# Stupid Question Time



## Polar Bear (Jan 31, 2010)

I must not be reading the right stuff. What is the difference, if any between a flash suppressor and a muzzle brake. They look the same to me.


----------



## 8'Duece (Jan 31, 2010)

One is designed to suppress flash the other is designed to control muzzle lift.  Breaks are also referred to as "recoil compensators"  They will lesson recoil but at the cost of having your ears bleeding compared to a standard flash suppressor like the A2. 

The breaks are generally much louder than flash suppressors. 

Don't be fooled by the Flash/Break combinations.  The law's of physics can't be beat and you can't have the best of both worlds, not matter how you design it.

ETA: Breaks do add a bit more accuracy out of the rifle, but not in every case. Hence the use of breaks on large bore rifles for long distance shooting.  They direct the gases in such a way as to minimize muzzle lift versus suppressing the flash.


----------



## Polar Bear (Jan 31, 2010)

Thoughts, comments, suggestions????

 Flash Suppressor 
http://store.troyind.com/Medieval_Flash_Suppressor_5_56mm_p/ssup-med-05bt-00.htm

Muzzle Brake
http://store.troyind.com/Medieval_Muzzle_Brake_5_56mm_p/sbra-med-05bt-00.htm


----------



## 8'Duece (Jan 31, 2010)

I like just about anything from Troy.  You'll never regret having their products. 

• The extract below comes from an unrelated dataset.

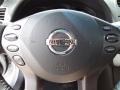 Brilliant Silver - Altima 2.5 S Photo No. 21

Anyone else have other idea's for Breaks and flash supps ???


----------



## Polar Bear (Jan 31, 2010)

I like Troy but I am trying to decided between the 2


----------



## 8'Duece (Jan 31, 2010)

Personaly I'd stick with flash suppressor in the their Medieval design.  Besides, you can blow car windows out with that damn thing and I don't mean by a bullet.


----------



## Polar Bear (Jan 31, 2010)

Ordered this

Folding Dioptic Tritium BattleSight
Front Folding M4 Tritium Sights
Medieval Flash Suppressor 5.56mm


----------



## 8'Duece (Jan 31, 2010)

Polar Bear said:


> Ordered this
> 
> Folding Dioptic Tritium BattleSight
> Front Folding M4 Tritium Sights
> Medieval Flash Suppressor 5.56mm



Is this for the Colt 6920 ???   Did you remove the front sight "F" block and opt for a low profile block ???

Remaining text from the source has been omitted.